What you are asked to do
Go through the records and restate them word for word, omitting images.

+---+

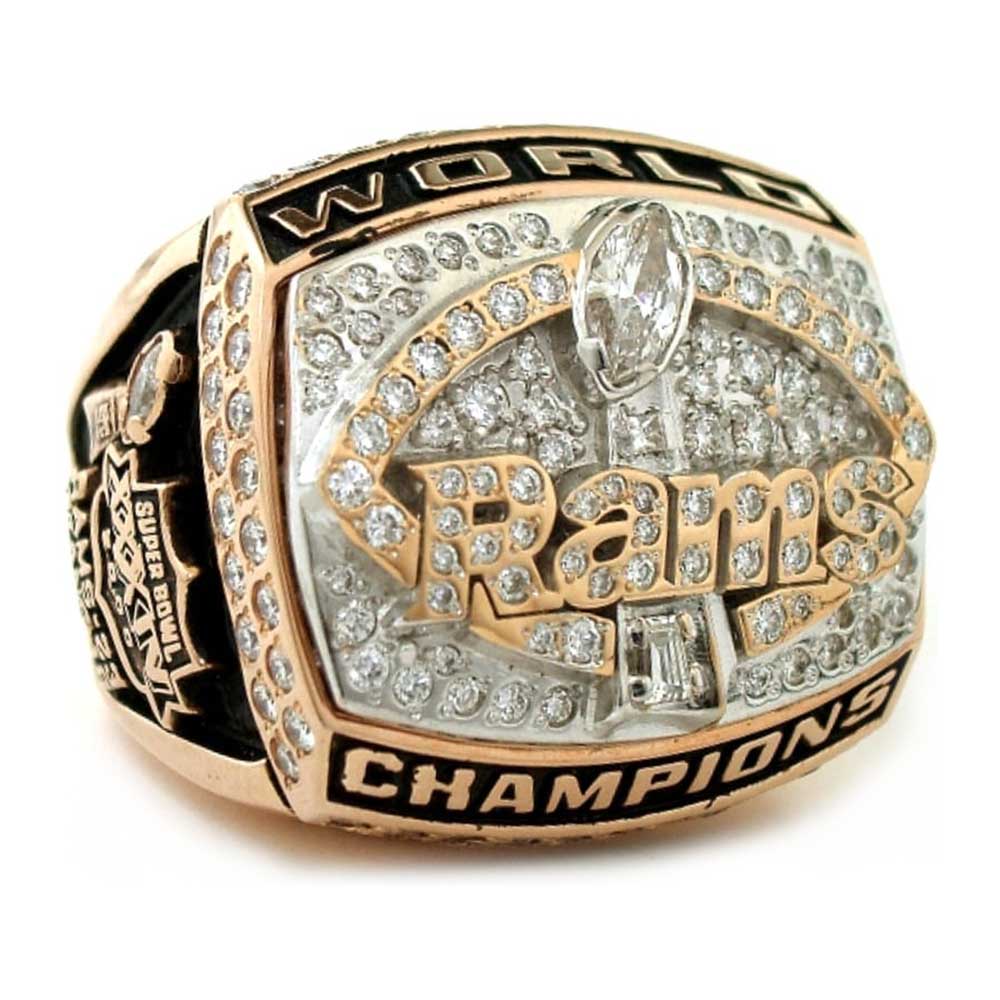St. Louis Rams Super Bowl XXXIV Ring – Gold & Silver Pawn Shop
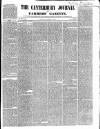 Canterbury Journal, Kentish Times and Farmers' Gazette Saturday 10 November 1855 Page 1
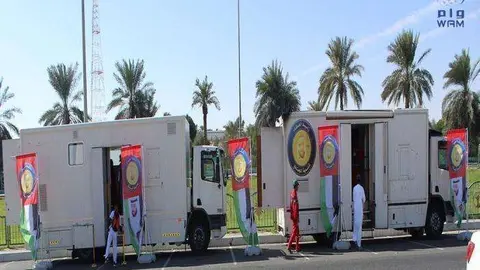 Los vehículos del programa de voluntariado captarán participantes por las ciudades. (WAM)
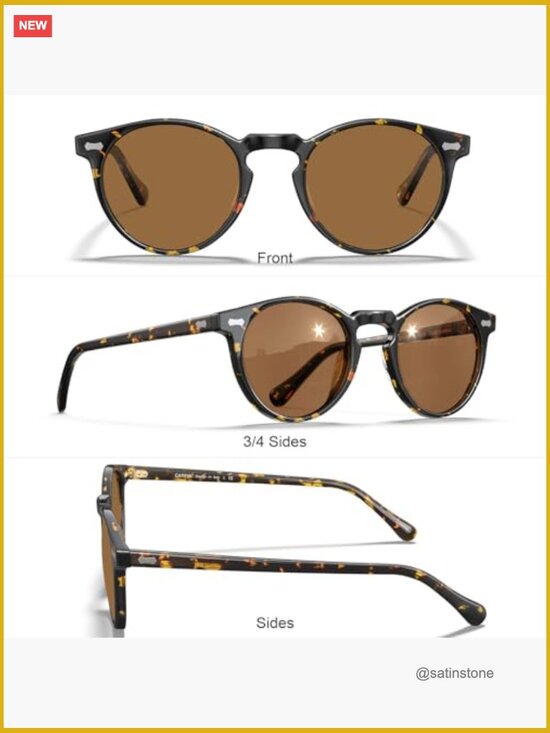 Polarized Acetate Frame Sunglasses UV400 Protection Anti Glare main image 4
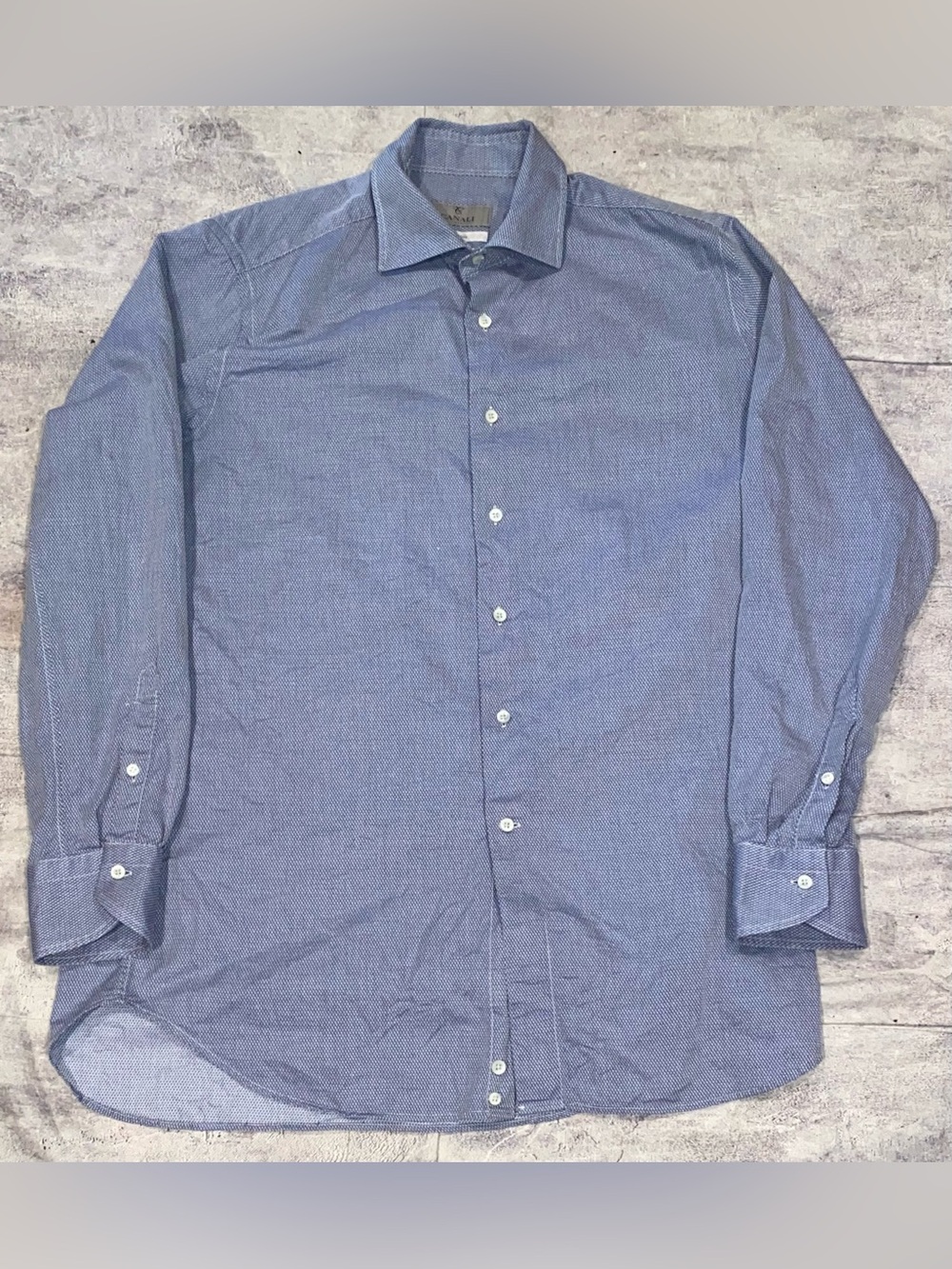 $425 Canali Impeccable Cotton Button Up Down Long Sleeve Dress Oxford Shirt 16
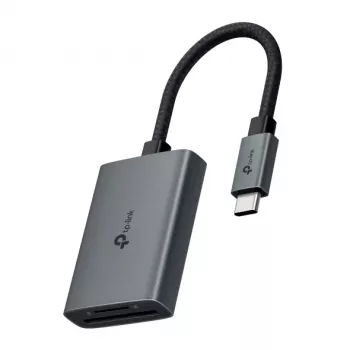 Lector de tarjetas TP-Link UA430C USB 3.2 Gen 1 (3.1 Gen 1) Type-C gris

+---+

Solution to this problem
St. Louis Rams Super Bowl XXXIV Ring – Gold & Silver Pawn Shop
 Canterbury Journal, Kentish Times and Farmers' Gazette Saturday 10 November 1855 Page 1
 Los vehículos del programa de voluntariado captarán participantes por las ciudades. (WAM)
 Polarized Acetate Frame Sunglasses UV400 Protection Anti Glare main image 4
 $425 Canali Impeccable Cotton Button Up Down Long Sleeve Dress Oxford Shirt 16
 Lector de tarjetas TP-Link UA430C USB 3.2 Gen 1 (3.1 Gen 1) Type-C gris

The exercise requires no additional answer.